SQLServerCentral Article

Querying XML files using SQL 2000

,

Introduction

One of the many useful features gained by SQL Server 2000 is the ability to handle XML documents.

This means that any computer language capable of opening an XML files and calling SQL Server stored procedures can make use of this new ability.

Data types used

SQL Server can use any of the data types used to hold character information.

TEXT and NTEXT cannot be used as local variables and can only be passed as arguments to a stored procedure.

Bare in mind that the Unicode data types consume twice as much memory as the ASCII equivalents.

ASCII Type Unicode Type Max Size Comment
CHAR NCHAR 8000 Fixed length
VARCHAR NVARCHAR 8000 characters Variable length
TEXT NTEXT 2Gb May require you to use SET TEXTSIZE as the @@TEXTSIZE parameter determines how much data is returned from a TEXT/NTEXT field by a SELECT statement.

SQL Commands Used.

SQL Command Comment
sp_xml_preparedocument

Parses the XML document using MSXML 2.0.

WARNING: - This will use 1/8th of the memory available to SQL Server.

If the procedure is successful it outputs a handle to the XML document as stored in the SQL Server cache.

sp_xml_removedocument

Removes the XML document from the cache and destroys the handle.

OPENXML

Returns the rowset from the prepared XML document.

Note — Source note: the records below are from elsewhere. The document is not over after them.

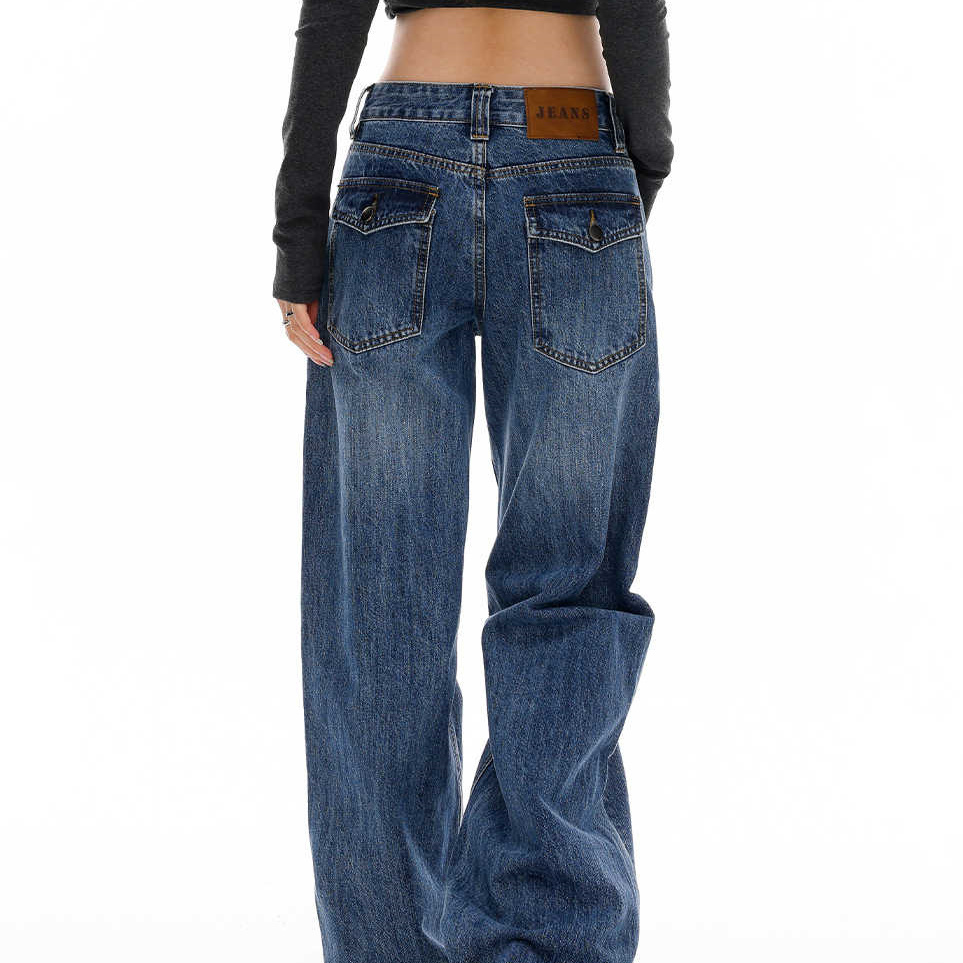 美式复古直筒牛仔裤女2025秋季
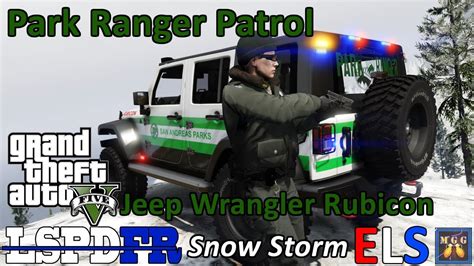 Severe Blizzard Snow Storm Els Jeep Wrangler Rubicon Park Ranger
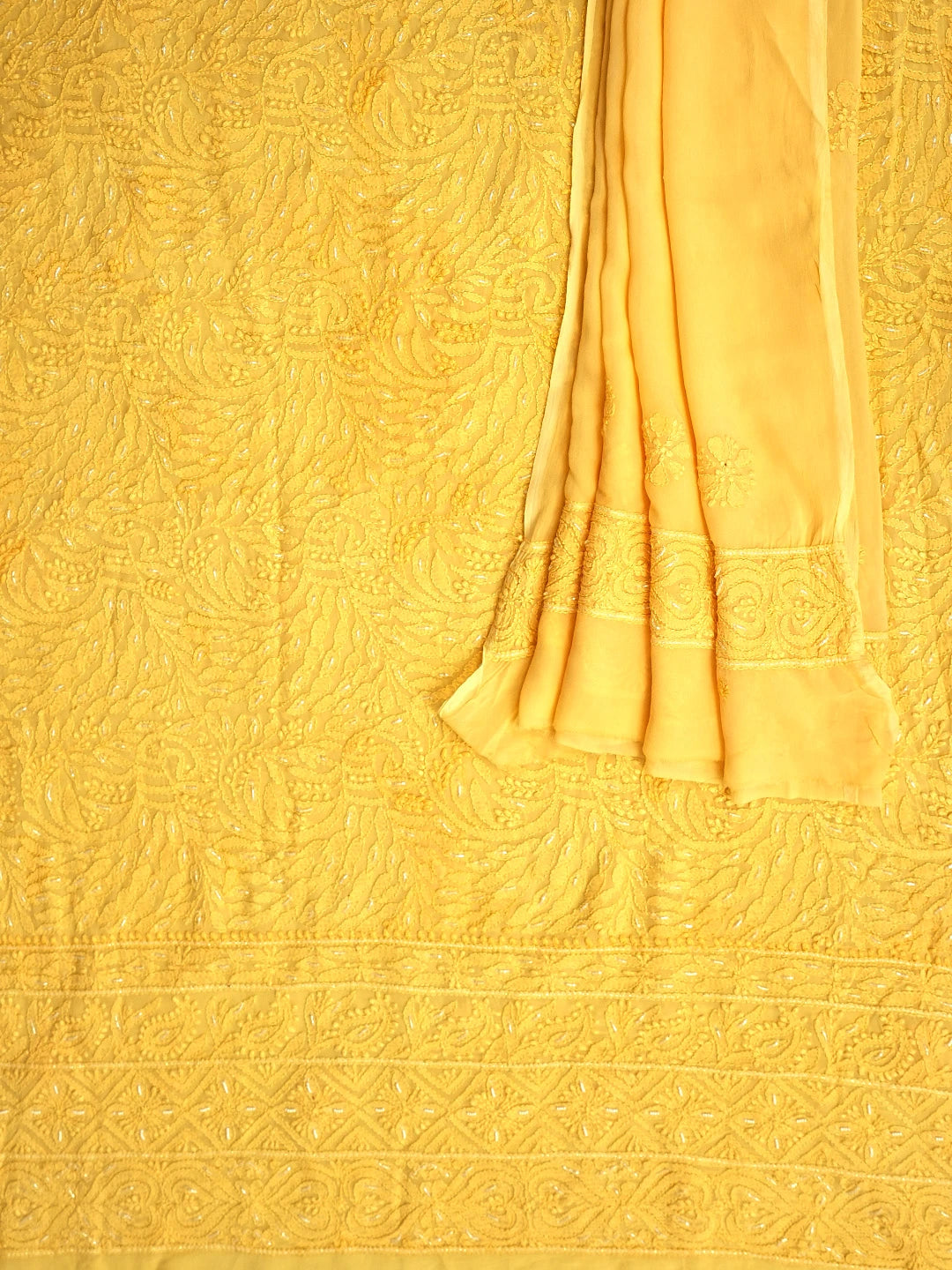 Ada Hand Embroidered Light Gold Viscose Georgette Lucknowi Chikankari Unstitched Kurta Dupatta Set With Cutdana Work 01A962571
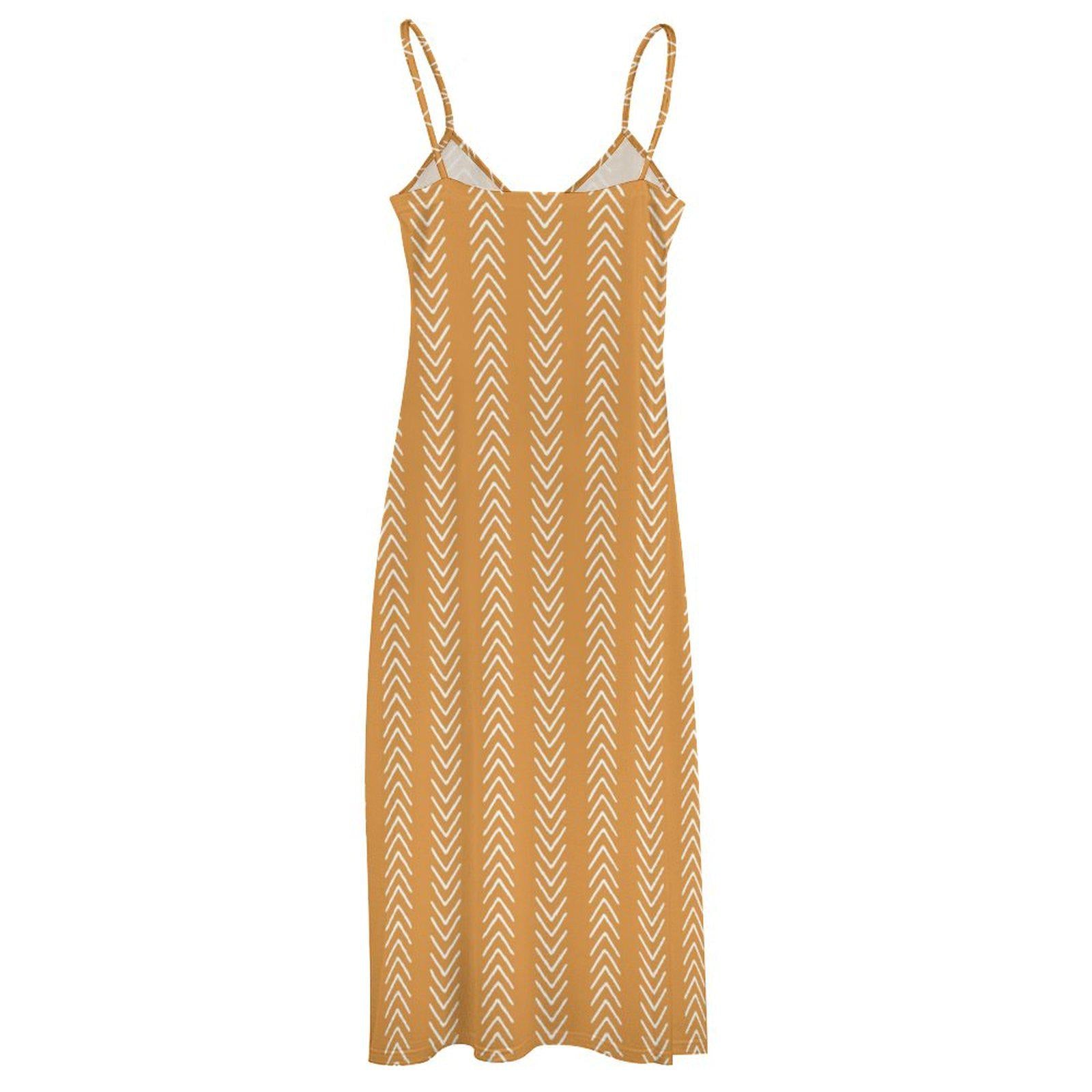 Honey Yellow - Womens - Ankle-length Slip Dress - African - Mud Cloth Pattern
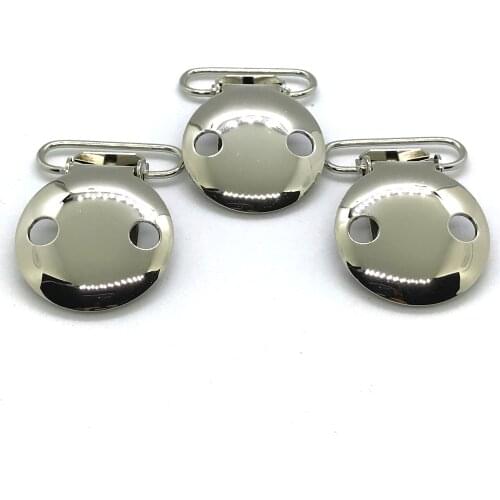 25pcs 1'' 25mm Silver Color 2 Holes Pacifier Clips Suspender Clips EN-12586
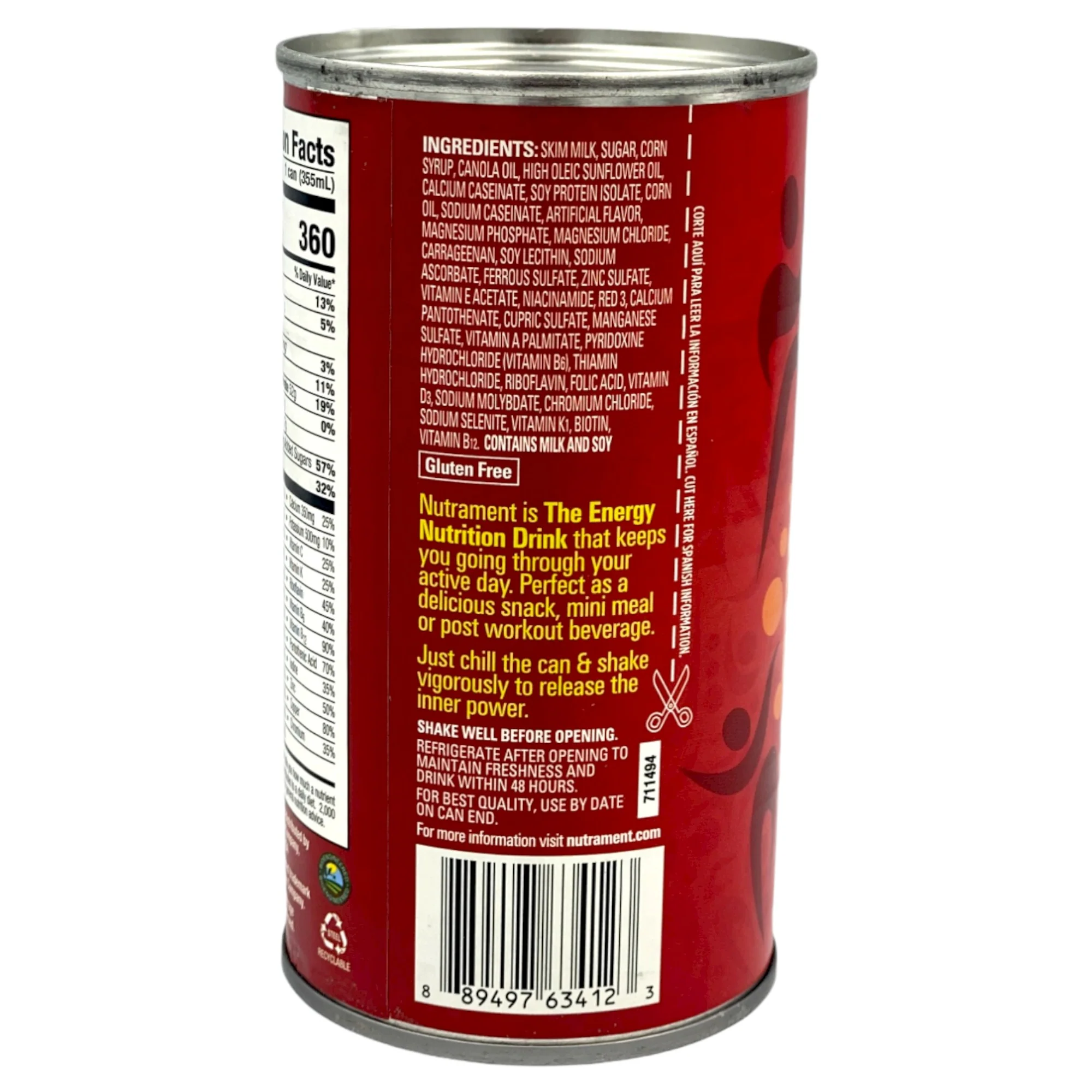 Nutrament Strawberry Energy Nutrition Drink 11 Fl Oz - Image 3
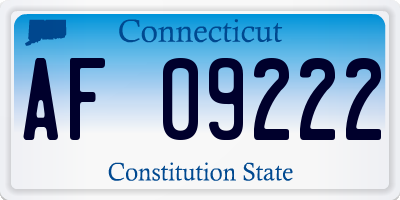 CT license plate AF09222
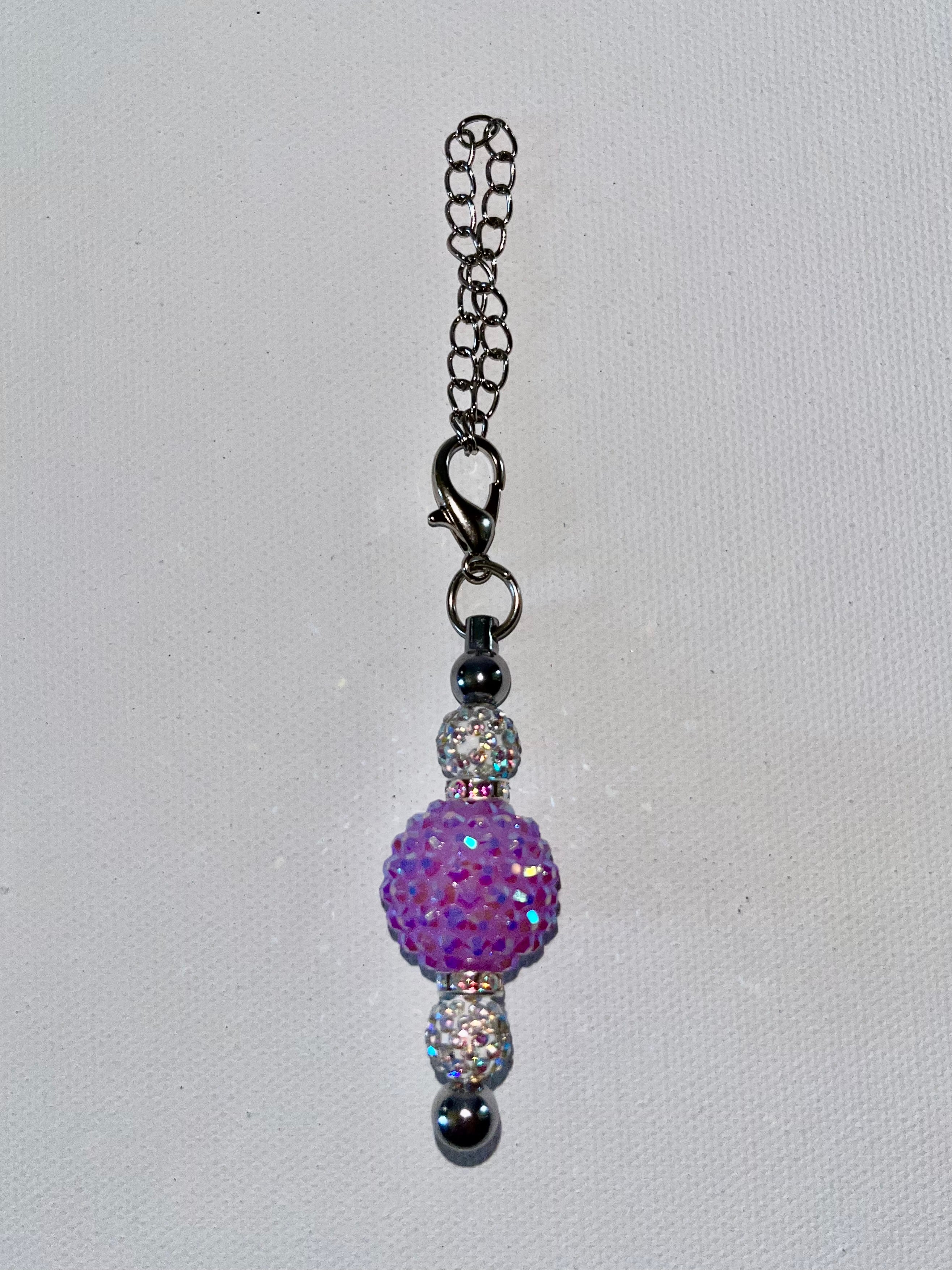 Purple Crystal Pavé Beaded Cup Charm w/Silver-Tone Chain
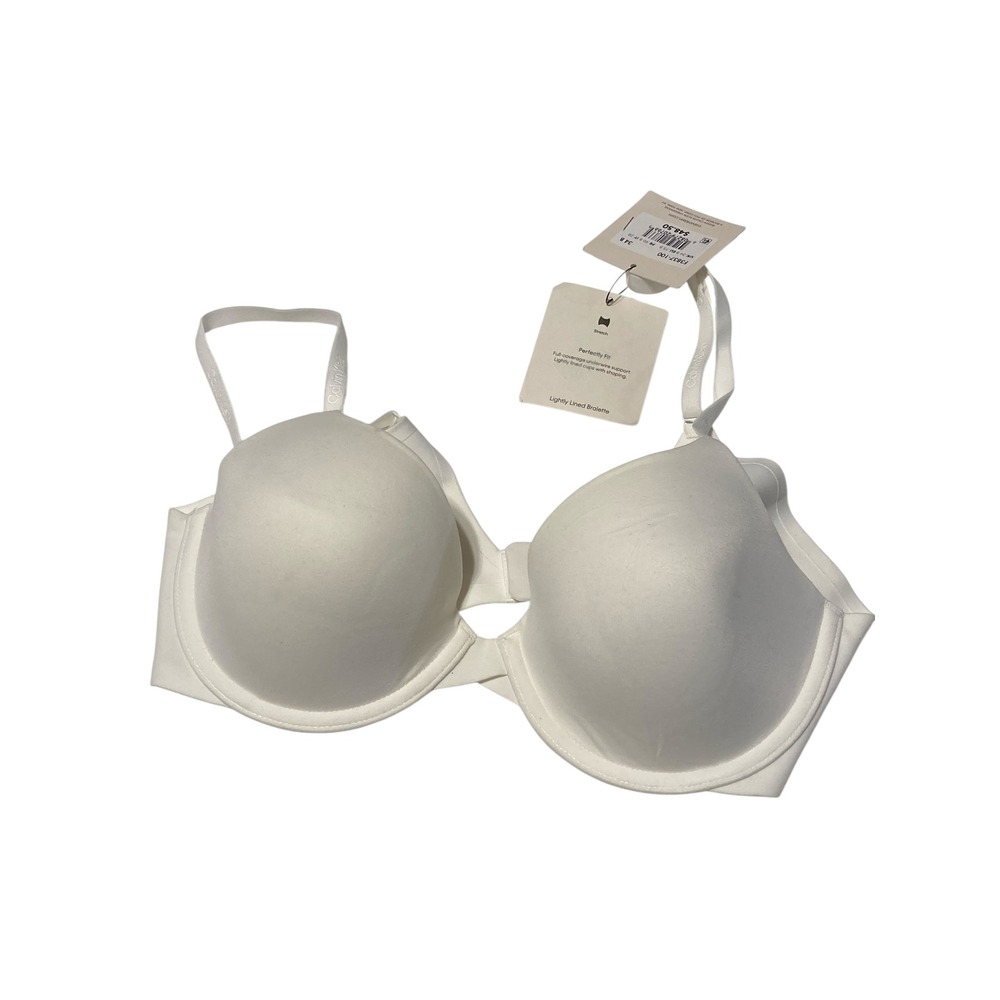Calvin Klein Perfectly‎ Fit Lightly Lined Bralette White Underwire Bra 34B F3837
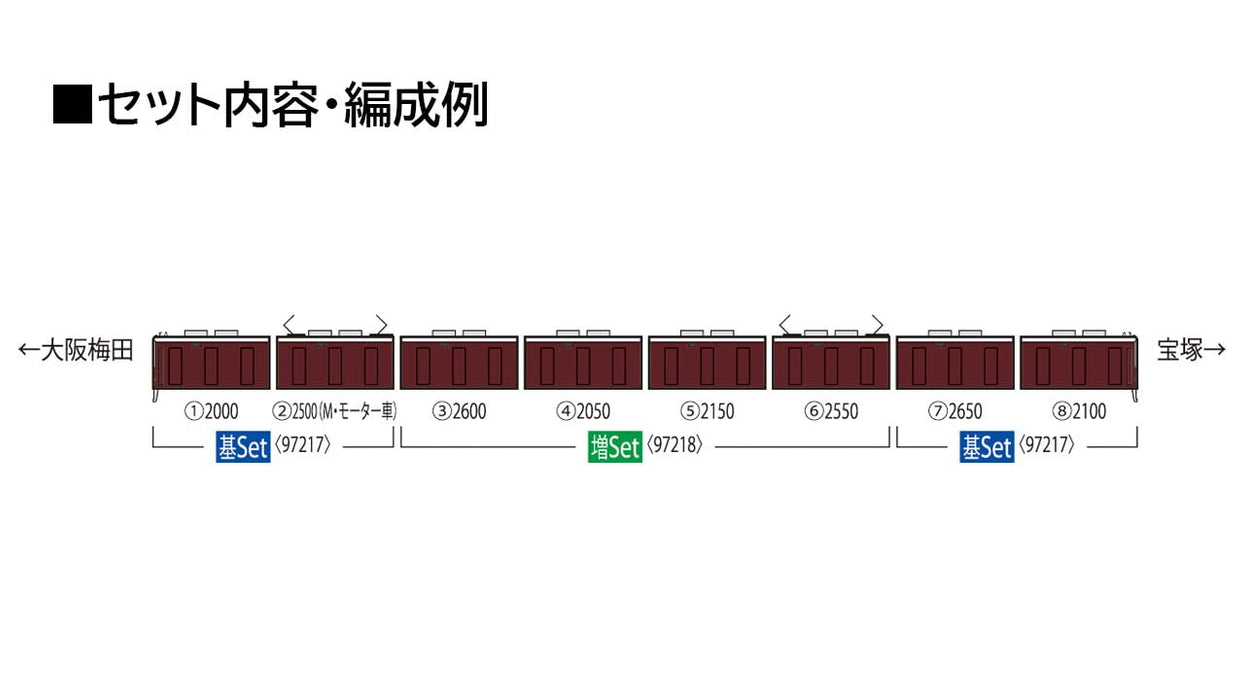 Tomytec Tomix N Gauge Hankyu 2000 Series Takarazuka Train Model Set 97218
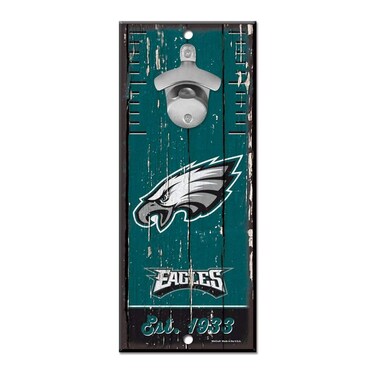 WinCraft NFL Philadelphia Eagles Bottle Opener5x11 Wood Sign Bottle Opener, Team Colors, 5"x11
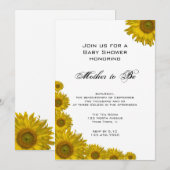 Geel zonnebloempje Baby shower Kaart (Voorkant / Achterkant)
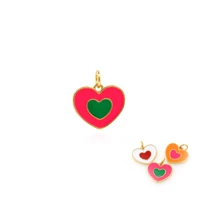 colorful enamel double heart charm neon pink heart pendant oil drops genuine gold plated colors for diy necklace bracelet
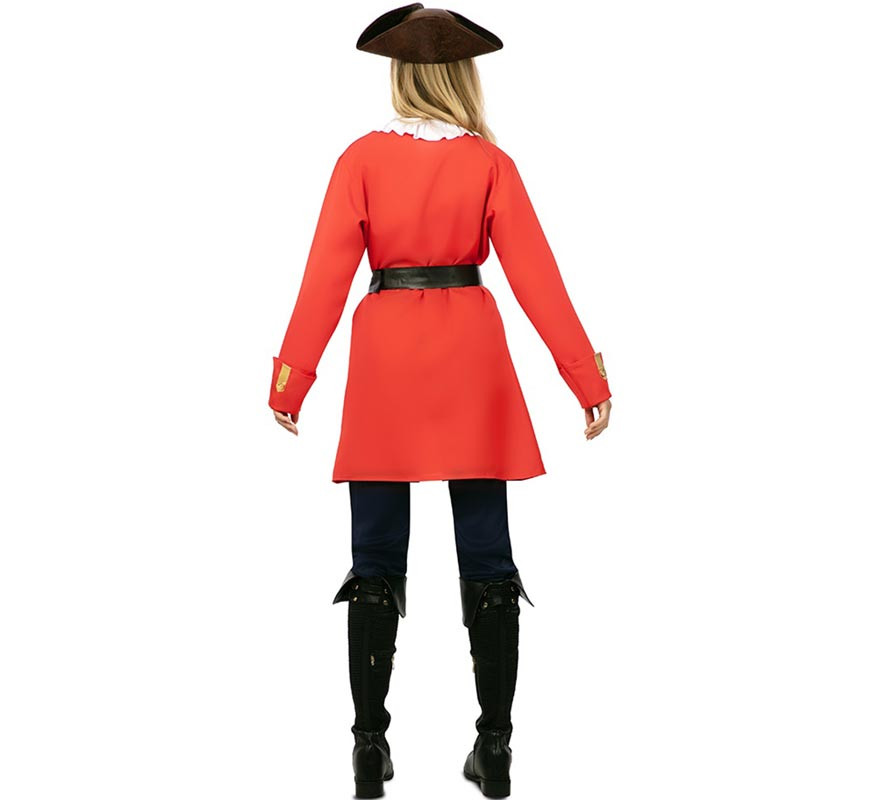 Costume da Capitano Pirata rosso con cintura per donna-B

In the same way that any C++ object created should always be explicitly destroyed and any pointer to a VB object should always have the equivalent SET <obj>=Nothing so you should never use sp_xml_preparedocument in a procedure without using sp_xml_removedocument.


Example document

The example document contains an XML schema used within a VB program to draw a form for maintaining web page metadata.

The XML document is written out as a file by a content management system (CMS) in order to allow off-line editing.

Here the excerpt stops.